Three maps of the Columbia River Basin, showing location and amount (in different colors) of irrigated area for the three different scenarios studied
Figure 3. Projection of total irrigated area in the Columbia River Basin in year 2060 when irrigated agricultural lands are constrained to suitable cropland currently with a water right (A), allowed to expand into 50% of suitable cropland currently without a water right (B), and to 100% of suitable cropland (C).

The reality of global trade in food and fuels means that land-use changes in the Columbia River Basin will be influenced by overseas markets.

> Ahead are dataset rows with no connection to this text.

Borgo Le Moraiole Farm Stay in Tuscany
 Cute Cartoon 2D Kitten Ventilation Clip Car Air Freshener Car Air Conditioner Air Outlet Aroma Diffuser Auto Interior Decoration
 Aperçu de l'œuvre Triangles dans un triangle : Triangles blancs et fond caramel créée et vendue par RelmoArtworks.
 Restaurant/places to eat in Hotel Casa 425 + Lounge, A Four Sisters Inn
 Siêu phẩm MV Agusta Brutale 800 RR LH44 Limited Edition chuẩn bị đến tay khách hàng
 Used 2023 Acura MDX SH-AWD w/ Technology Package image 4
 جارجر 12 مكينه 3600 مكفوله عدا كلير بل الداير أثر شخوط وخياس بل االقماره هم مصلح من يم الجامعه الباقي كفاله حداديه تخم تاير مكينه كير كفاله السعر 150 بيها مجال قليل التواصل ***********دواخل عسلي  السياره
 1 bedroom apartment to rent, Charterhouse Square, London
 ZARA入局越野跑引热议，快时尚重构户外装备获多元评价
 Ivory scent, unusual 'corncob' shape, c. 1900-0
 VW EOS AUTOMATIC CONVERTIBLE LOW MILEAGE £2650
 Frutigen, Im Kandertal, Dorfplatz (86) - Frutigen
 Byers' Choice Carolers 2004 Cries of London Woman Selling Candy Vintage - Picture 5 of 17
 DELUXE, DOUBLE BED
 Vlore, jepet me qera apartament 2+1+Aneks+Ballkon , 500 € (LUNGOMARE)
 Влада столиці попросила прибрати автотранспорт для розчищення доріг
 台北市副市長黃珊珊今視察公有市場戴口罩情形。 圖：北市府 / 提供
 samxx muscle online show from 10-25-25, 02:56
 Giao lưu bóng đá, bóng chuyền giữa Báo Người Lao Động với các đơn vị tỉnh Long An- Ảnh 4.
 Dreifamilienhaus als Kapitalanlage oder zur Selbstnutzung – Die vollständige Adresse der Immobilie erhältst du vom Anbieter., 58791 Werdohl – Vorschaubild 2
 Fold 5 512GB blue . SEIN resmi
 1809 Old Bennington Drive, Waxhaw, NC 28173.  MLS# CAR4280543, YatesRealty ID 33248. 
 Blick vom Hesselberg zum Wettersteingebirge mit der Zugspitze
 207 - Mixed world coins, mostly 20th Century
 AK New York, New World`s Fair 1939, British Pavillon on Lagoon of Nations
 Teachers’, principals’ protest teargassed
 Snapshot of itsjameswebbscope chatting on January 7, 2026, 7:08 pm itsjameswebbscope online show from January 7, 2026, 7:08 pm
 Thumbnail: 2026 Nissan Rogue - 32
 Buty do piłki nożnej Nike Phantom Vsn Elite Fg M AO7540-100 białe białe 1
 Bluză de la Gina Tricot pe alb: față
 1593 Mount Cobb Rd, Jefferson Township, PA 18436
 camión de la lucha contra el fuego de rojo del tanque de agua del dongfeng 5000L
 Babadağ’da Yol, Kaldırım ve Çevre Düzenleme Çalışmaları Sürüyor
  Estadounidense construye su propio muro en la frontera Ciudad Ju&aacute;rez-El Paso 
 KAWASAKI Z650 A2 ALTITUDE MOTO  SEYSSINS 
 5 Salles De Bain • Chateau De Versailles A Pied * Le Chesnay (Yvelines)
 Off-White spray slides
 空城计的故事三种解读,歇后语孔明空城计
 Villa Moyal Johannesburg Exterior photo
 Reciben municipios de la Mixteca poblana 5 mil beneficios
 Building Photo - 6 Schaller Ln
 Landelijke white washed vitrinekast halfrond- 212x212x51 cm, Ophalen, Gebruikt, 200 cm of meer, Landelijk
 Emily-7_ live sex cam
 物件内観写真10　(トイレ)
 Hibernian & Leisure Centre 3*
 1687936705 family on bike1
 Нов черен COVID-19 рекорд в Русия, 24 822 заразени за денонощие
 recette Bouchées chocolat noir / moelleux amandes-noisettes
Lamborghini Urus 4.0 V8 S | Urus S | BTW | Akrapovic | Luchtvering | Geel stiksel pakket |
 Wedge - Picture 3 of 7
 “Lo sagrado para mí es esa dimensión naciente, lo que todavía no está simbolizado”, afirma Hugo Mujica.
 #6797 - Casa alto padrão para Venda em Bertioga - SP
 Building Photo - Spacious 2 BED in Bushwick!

Water regulators and land-use planners should be mindful of such factors—both inside and outside the Basin—that lead to land-use change, such as our modeling captures. But questions remain. In the next phase we aim to quantify the energy production from biofuels compared to that from hydropower and to calculate the total irrigation demand under each scenario. The irrigation demand will be compared with water supply to determine curtailment rates within selected watersheds to give a rough assessment of the feasibility of each expansion scenario.

This article was revised from the original version, titled “Impact of Land-Use and Land-Cover Change on the Food, Energy, and Water Sectors in the Columbia River Basin,” published in November 2019 as part of the following report: Hall, S.A., Yorgey, G.G., Padowski, J.C., Adam, J.C. 2019. Food-Energy-Water: Innovations in Storage for Resilience in the Columbia River Basin. Progress Report for the Columbia River FEW Project. Available online at www.fewstorage.wsu.edu.

The work described in this article was supported jointly by the National Science Foundation under EAR grant #1639458 and the U.S. Department of Agriculture’s National Institute of Food and Agriculture under grant #2017- 67004-26131, as well as the Washington State University Graduate School.